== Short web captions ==
- Opening Delimiter -
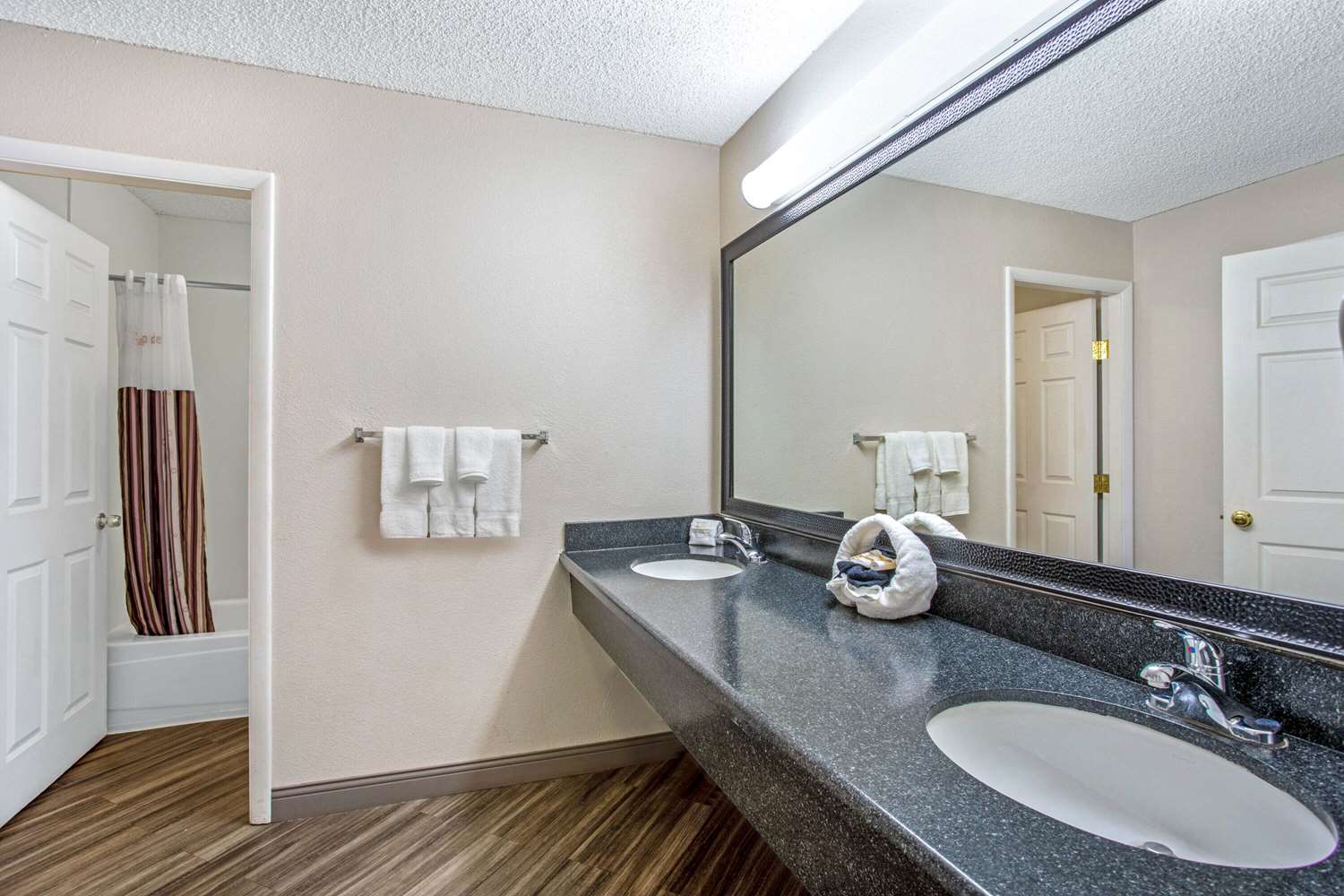 La Quinta Inn Tucson East 50/51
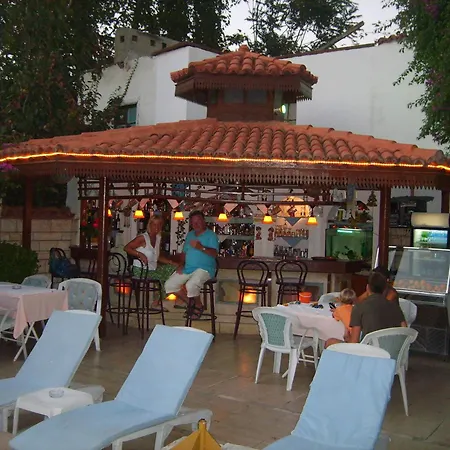 Hotel Karyatit Kaleici 3*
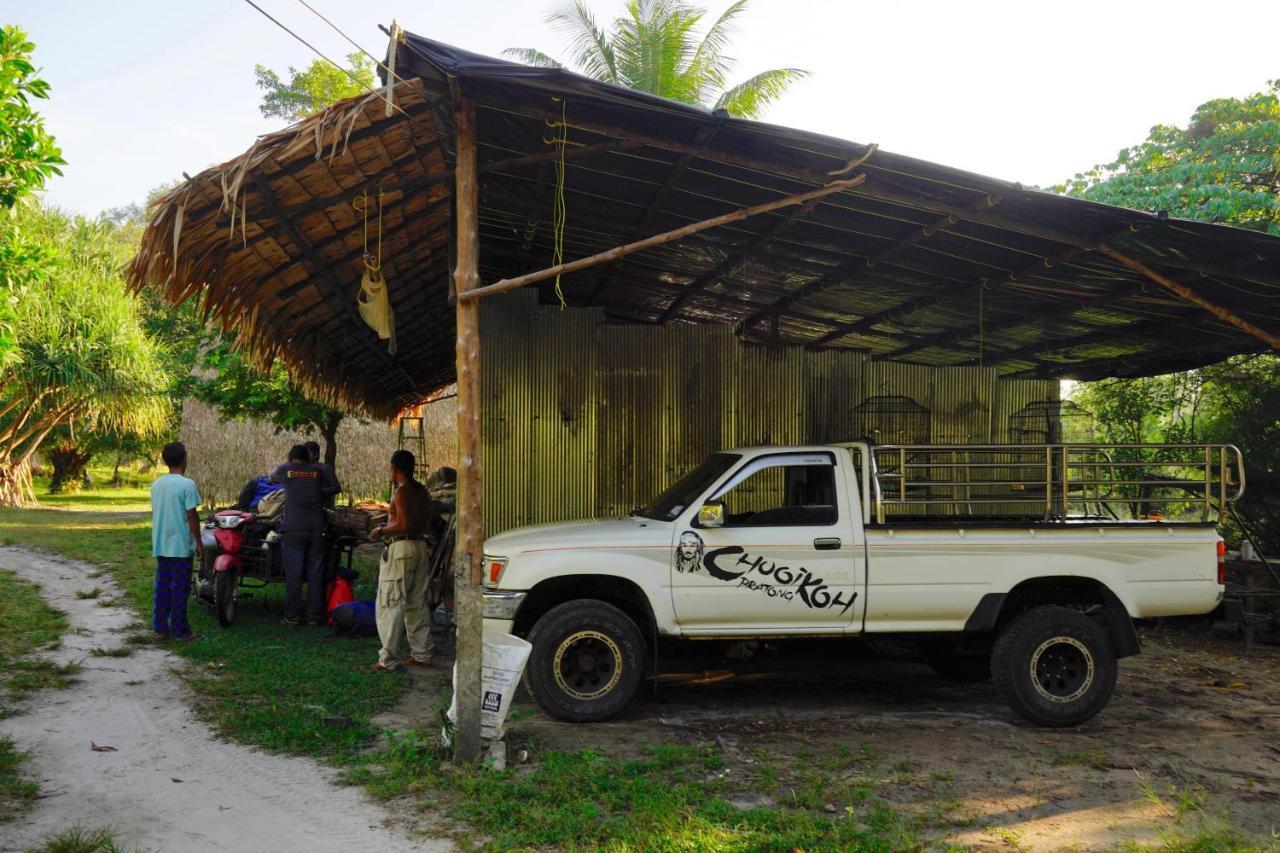 Hotel Mr. Chuoi Bar&Hut Ko Phra Thong Exterior foto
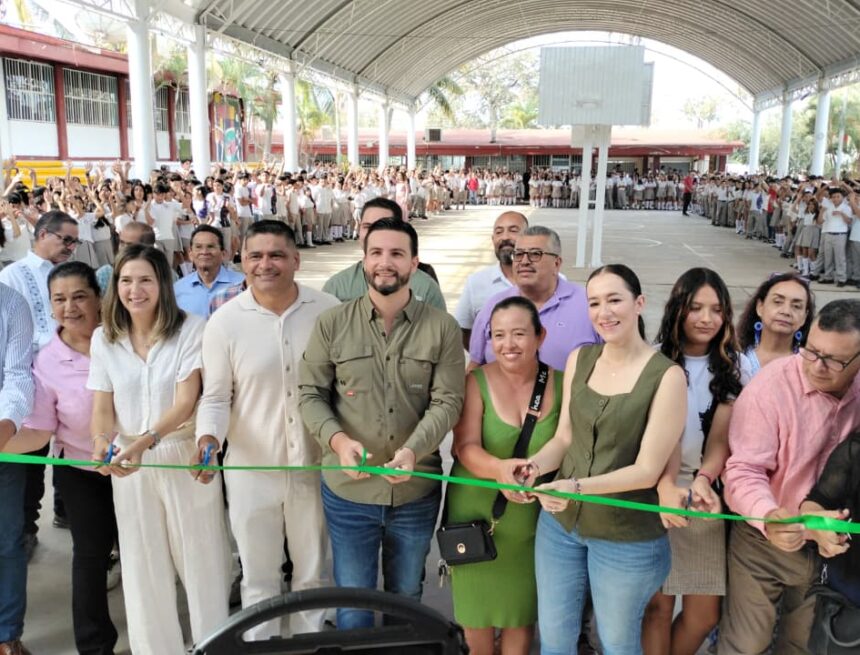 Inauguran domo y bebederos en secundaria técnica 81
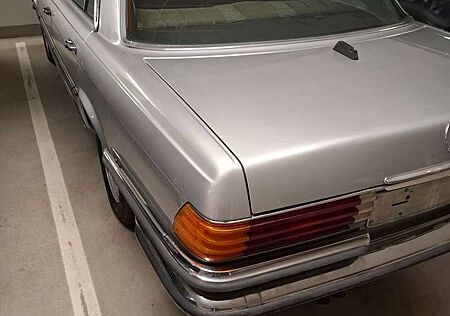 Mercedes-Benz S 450 W 116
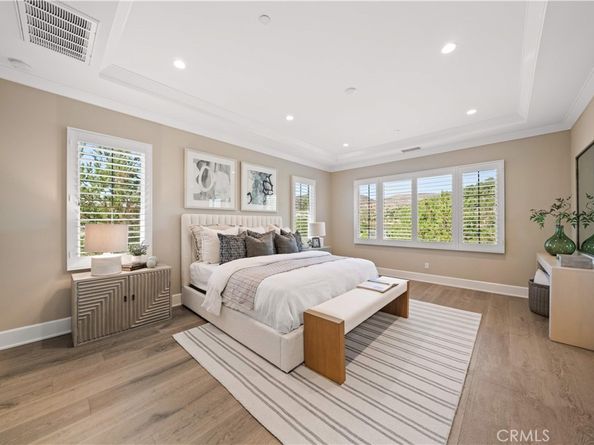 100 Viano, Irvine CA 92602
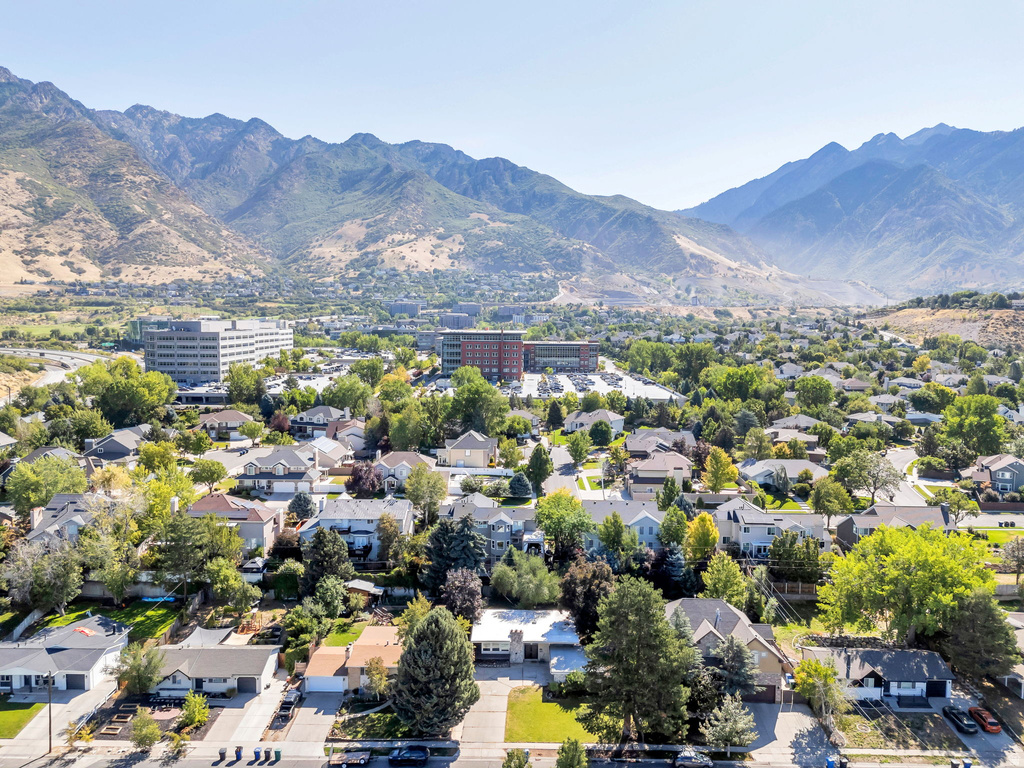 6557 S 2600 E Cottonwood Heights, UT 84121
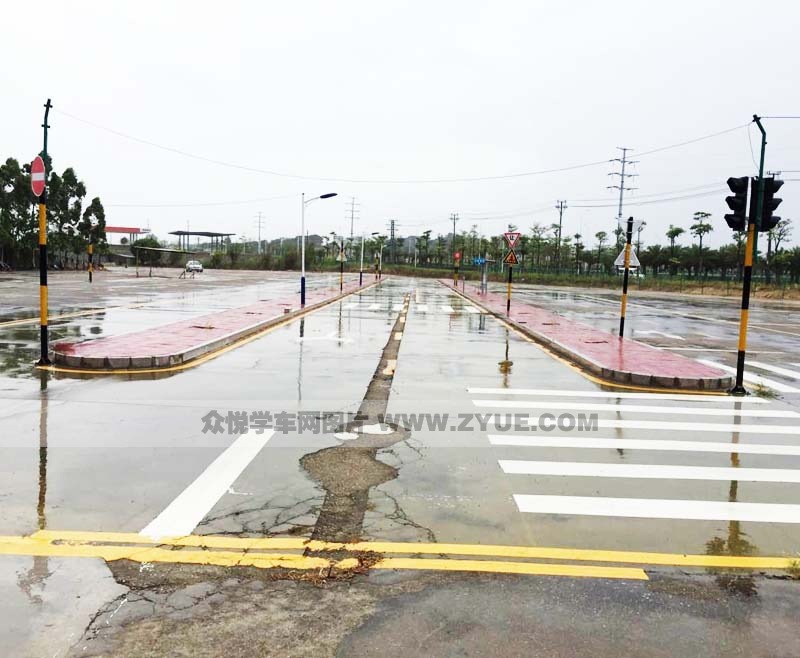 廈門(mén)鑫雙榕駕校雨后訓(xùn)練場(chǎng)地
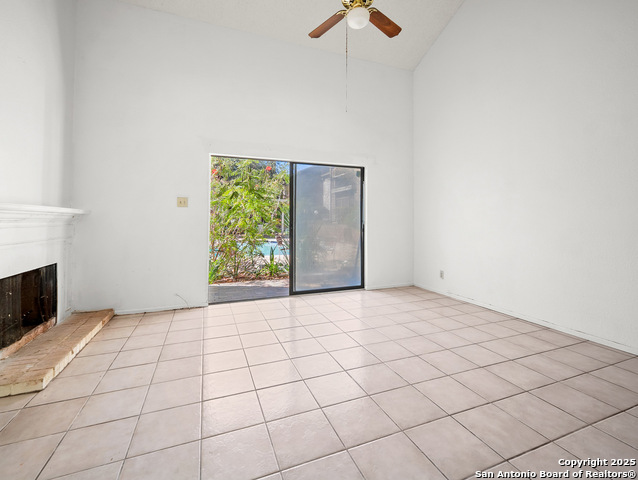 Image 4 of 28 For 11520 Huebner  302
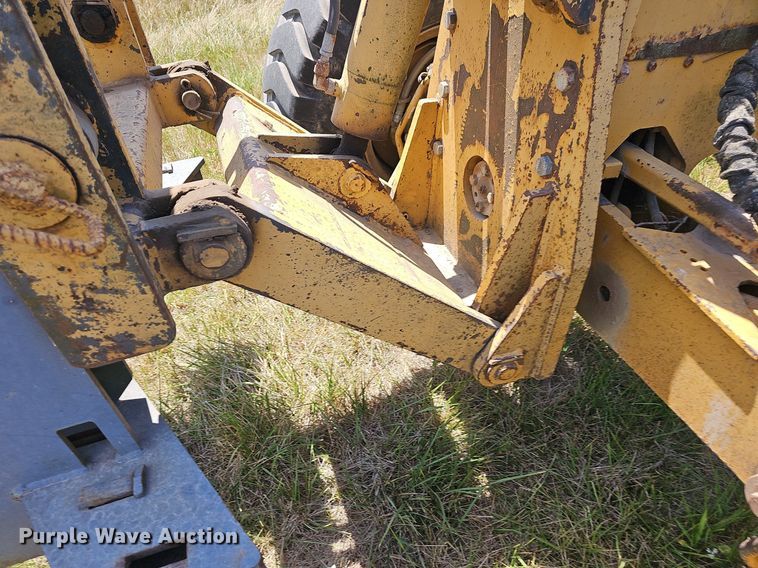 image for item NT9762 2001 John Deere 772CH  motor grader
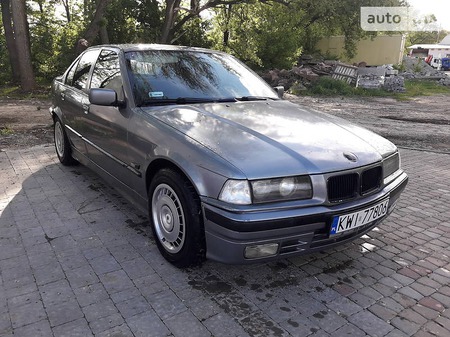 BMW 318 1991  випуску Тернопіль з двигуном 1.8 л газ седан механіка за 850 долл. 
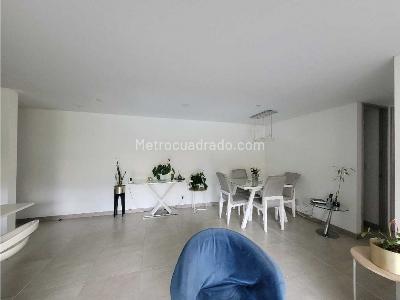 Apartamento de 3 alcobas en venta en La Abadia Envigado, Envigado, 96 m² · foto 5 de 20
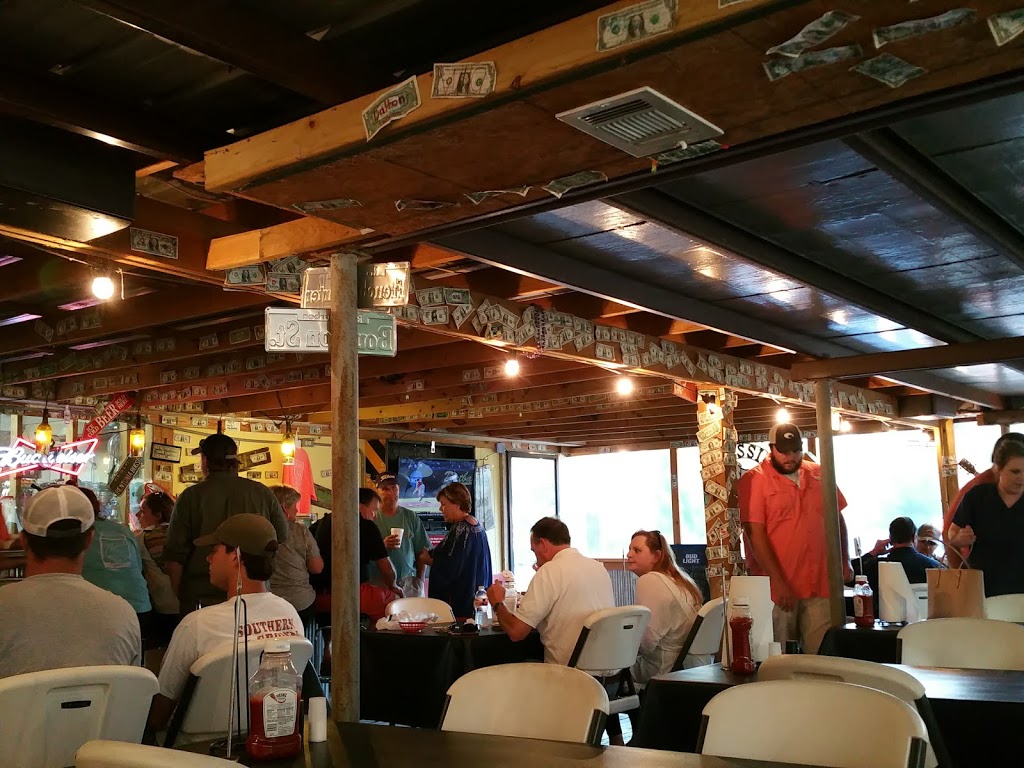 Bentonia Bugs | restaurant | 122 Wilson St, Bentonia, MS 39040, USA | 6625714342 OR +1 662-571-4342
- Closing Delimiter -
== GOAL OF THE EXERCISE ==
Could you transcribe every entry above exactly, leaving out the images?

== SOLUTION ==
 La Quinta Inn Tucson East 50/51
 Hotel Karyatit Kaleici 3*
 Hotel Mr. Chuoi Bar&Hut Ko Phra Thong Exterior foto
 Inauguran domo y bebederos en secundaria técnica 81
 Mercedes-Benz S 450 W 116
 100 Viano, Irvine CA 92602
 6557 S 2600 E Cottonwood Heights, UT 84121
 廈門(mén)鑫雙榕駕校雨后訓(xùn)練場(chǎng)地
 Image 4 of 28 For 11520 Huebner  302
 image for item NT9762 2001 John Deere 772CH  motor grader
 BMW 318 1991  випуску Тернопіль з двигуном 1.8 л газ седан механіка за 850 долл. 
 Apartamento de 3 alcobas en venta en La Abadia Envigado, Envigado, 96 m² · foto 5 de 20
 Bentonia Bugs | restaurant | 122 Wilson St, Bentonia, MS 39040, USA | 6625714342 OR +1 662-571-4342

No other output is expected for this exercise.